The 2016 Olympics are sneaking up on us quickly and golf’s reintroduction to the Games has been less-than-ideal. From big-name stars taking themselves out of the running to a former World Anti-Doping Agency chief declaring that the sport has a doping problem, golf’s return to the world’s largest sporting stage has been marred by controversy.
On Wednesday, a little more gasoline was tossed on that fire when WADA released its 2014 Anti-Doping Rules Violation Report, which contained information that six violations of doping had taken place at International Golf Federation-sanctioned events.
Golfers from France, Italy, South Korea and South Africa were sanctioned for unspecified violations of World Anti-Doping Code, of which the IGF, the organization recognized by the International Olympic Committee as the official world governing body for golf, is a signatory.
The PGA Tour, it should be noted, does not fall under WADA’s mandate, so none of those samples could have originated from Tour-administered tests.

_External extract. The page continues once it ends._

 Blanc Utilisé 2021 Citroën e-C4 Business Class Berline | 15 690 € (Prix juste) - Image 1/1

Italy was the biggest offender, with three golfers sanctioned, two of whom tested positive for a prohibited substance and a third who was caught through non-analytical means.
WADA spokesman Ben Nichols said those numbers reflect a shift in the organization’s strategy.

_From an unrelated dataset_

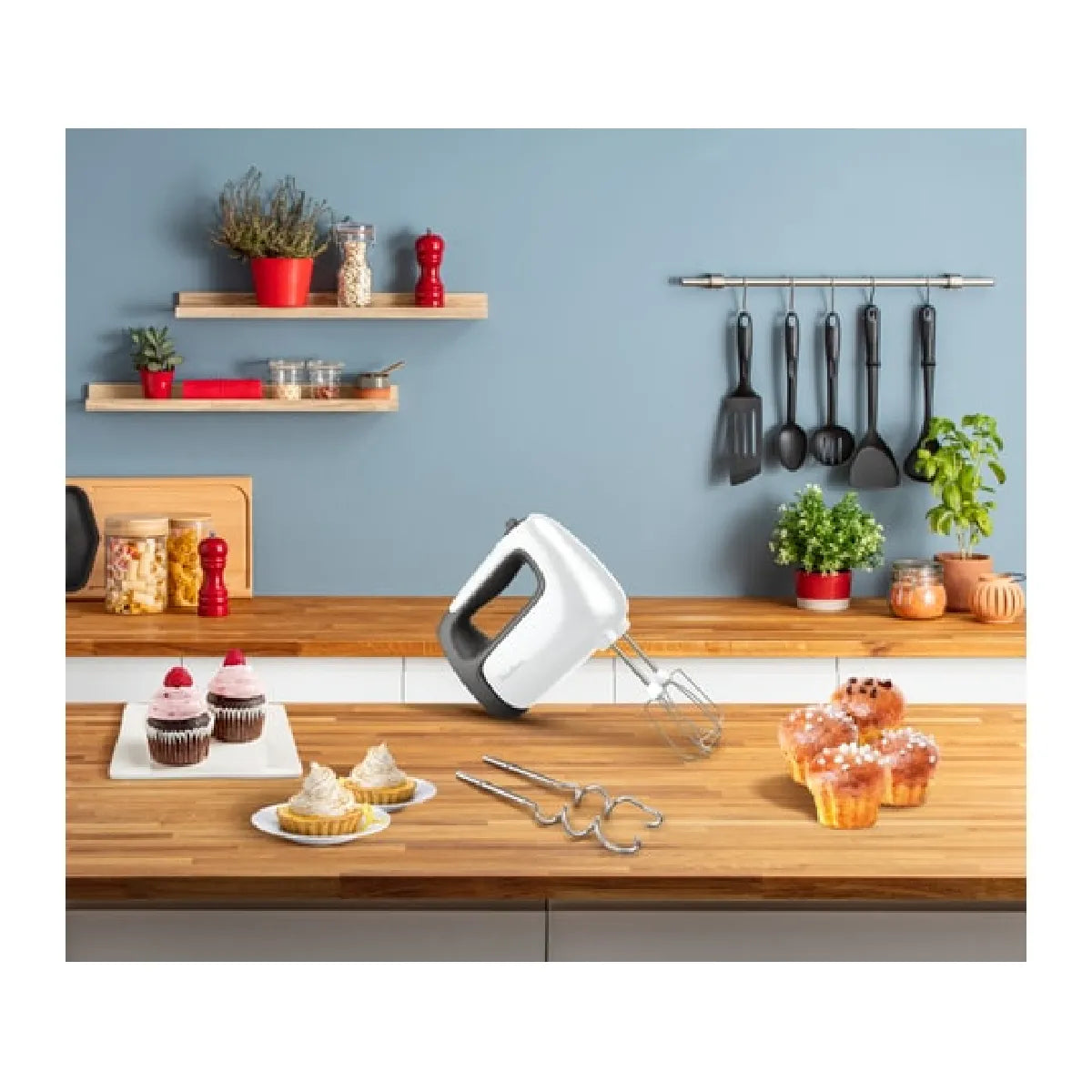 Batteur Électrique Moulinex Blanc MKR00002829962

“The report shows us that as well as sanctions derived from urine and blood testing, there are a significant number of ‘evidence-based intelligence’ rule violations,” Nichols said. “This goes to show that we no longer just rely on scientific testing in anti-doping, and there is an increasing number of ways for dopers to be caught. This sends a strong message to those contemplating doping.”
Drug testing for the 2016 Games will commence on May 6. The WADA-sanctioned tests are much more stringent than those employed currently by the PGA Tour.